Data for review =

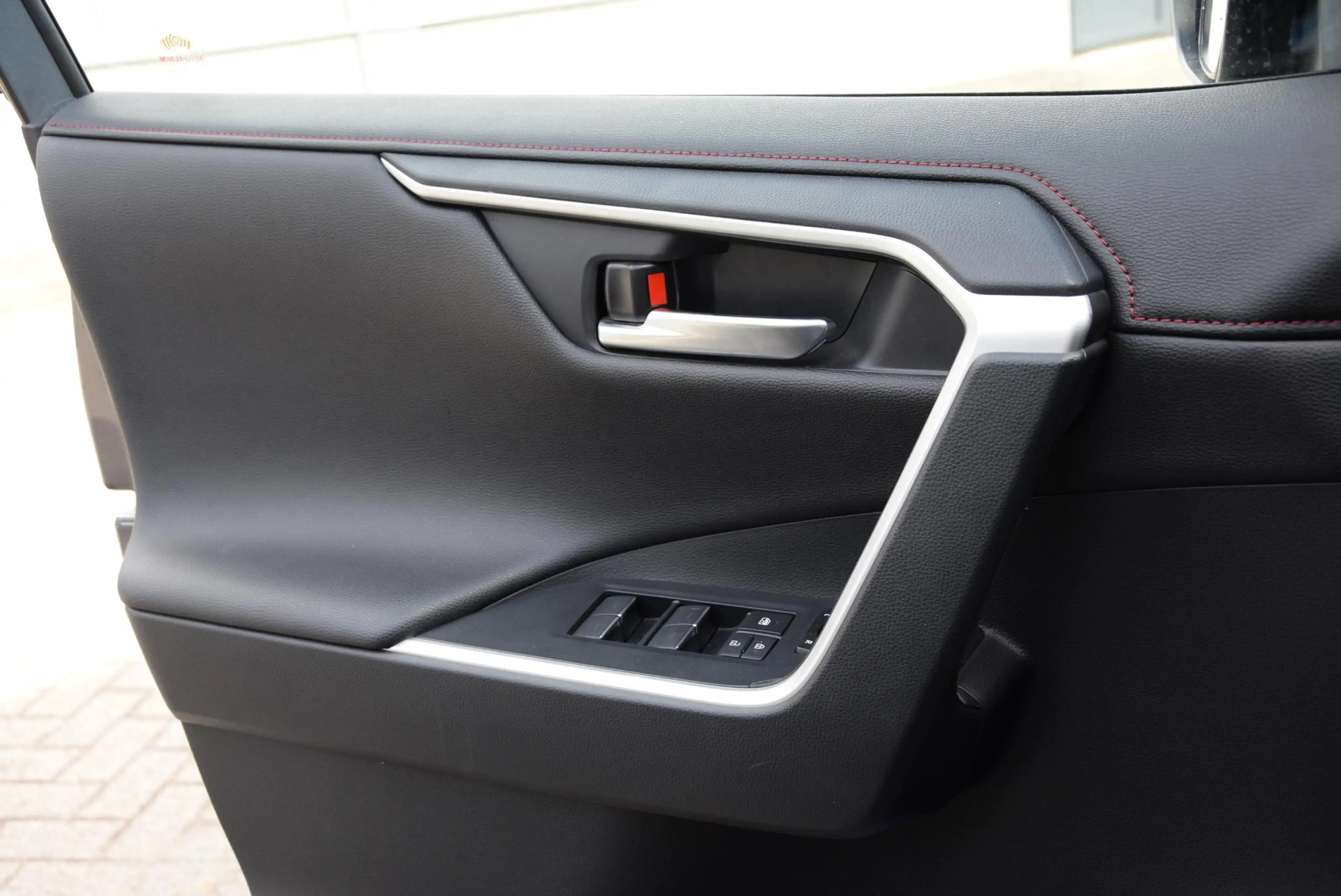 Suzuki Across 2.5 Plug-in Hybrid Style | btw-auto | lederen bekl — photo 18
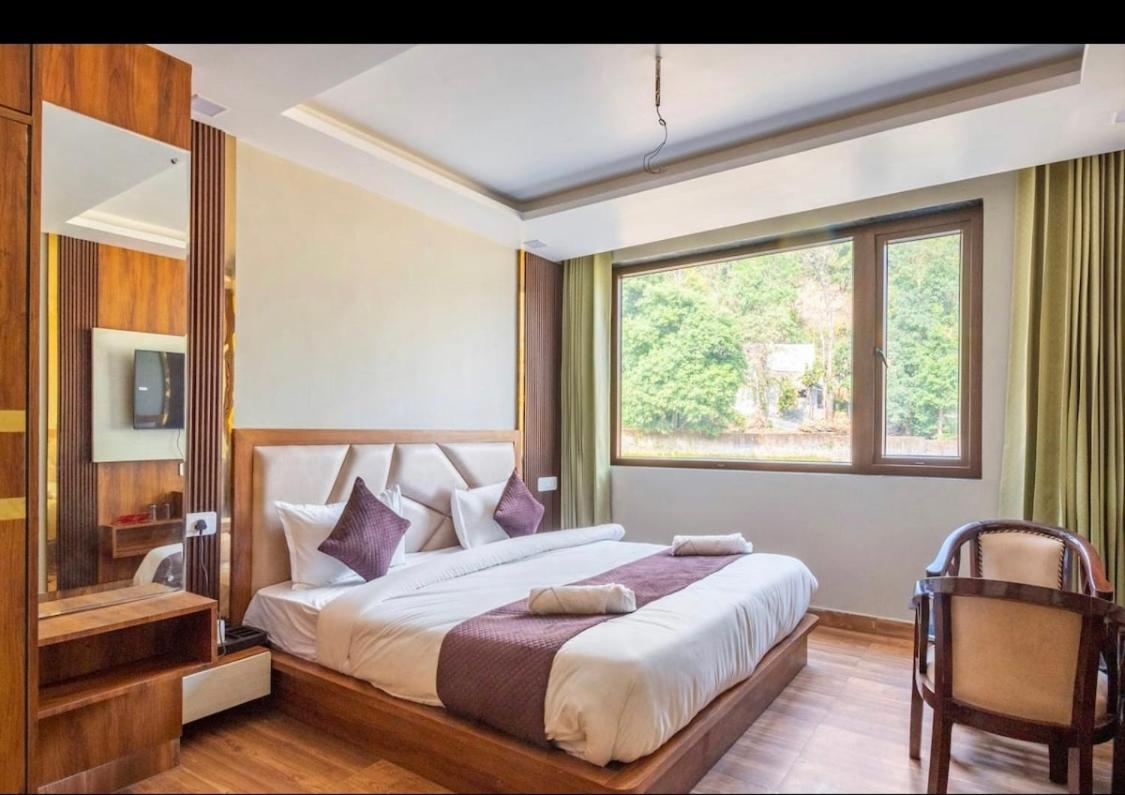 Hotel & Hostel Vimal Ganga Rishīkesh Buitenkant foto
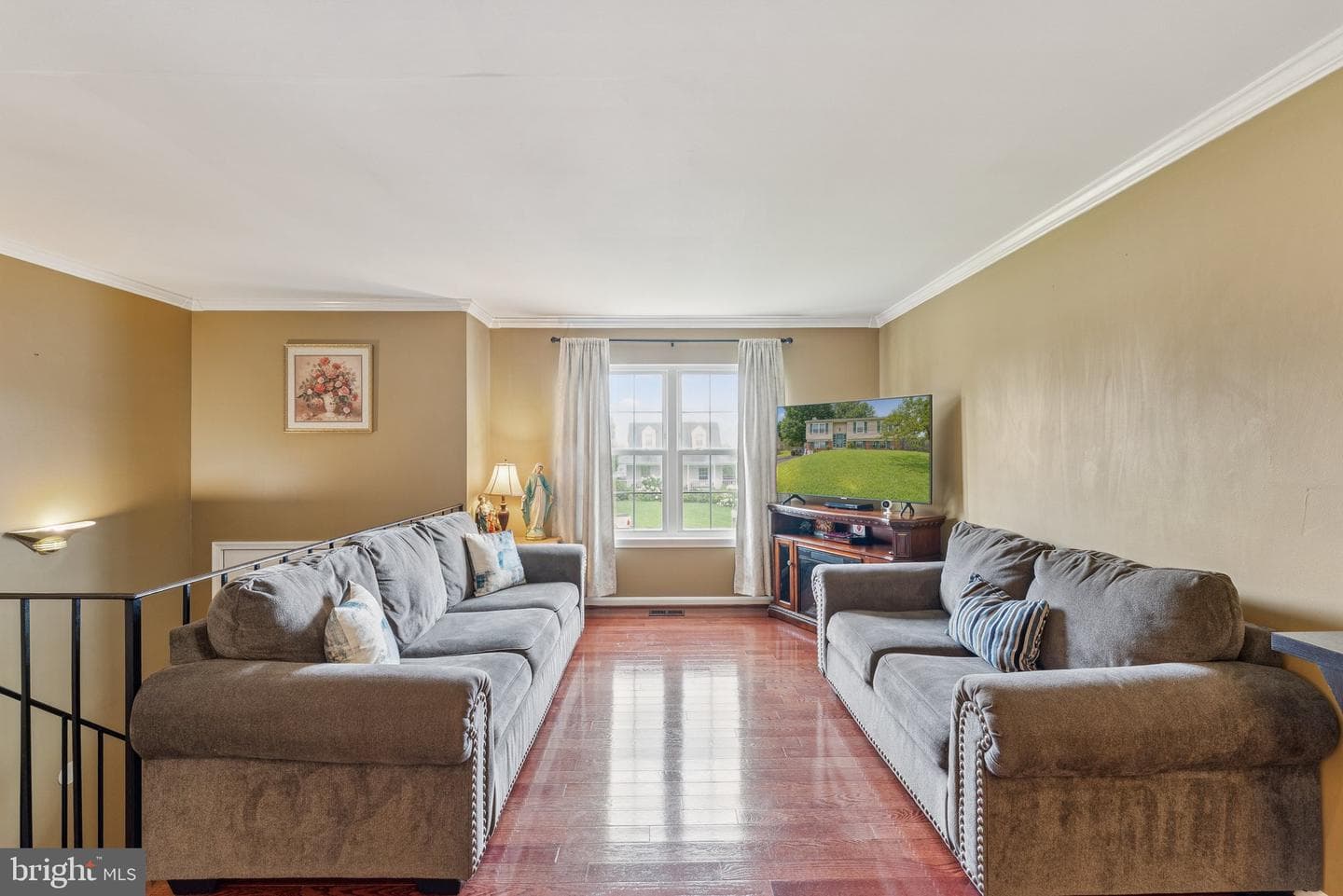 5832 Riverside Drive photo 3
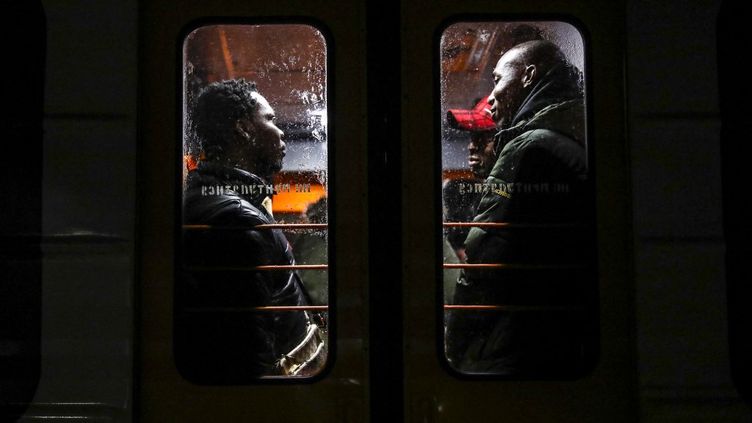 Des réfugiés arrivent à la gare de Przemysl (Pologne), en provenance d'Ukraine, le 27 février 2022. (BEATA ZAWRZEL / NURPHOTO / AFP)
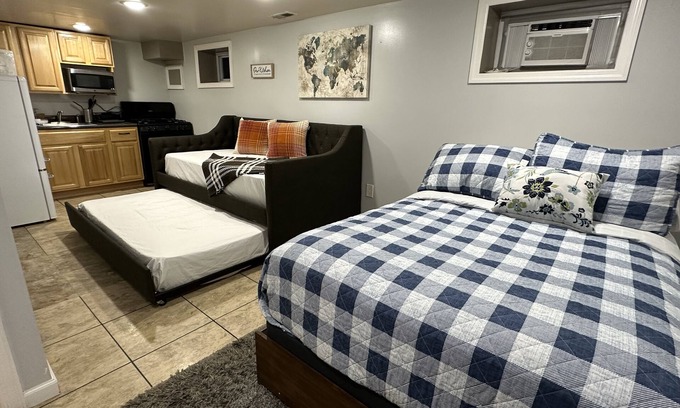 Elizabeth House | Cozy Private Studio Near EWR, NYC & Kean U - 8.8/10 Rating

Activity =
Repeat the lines above, starting at the first and stopping after the line that holds "Des réfugiés arrivent", with the pictures left out.

Solution to this exercise =
 Suzuki Across 2.5 Plug-in Hybrid Style | btw-auto | lederen bekl — photo 18
 Hotel & Hostel Vimal Ganga Rishīkesh Buitenkant foto
 5832 Riverside Drive photo 3
 Des réfugiés arrivent à la gare de Przemysl (Pologne), en provenance d'Ukraine, le 27 février 2022. (BEATA ZAWRZEL / NURPHOTO / AFP)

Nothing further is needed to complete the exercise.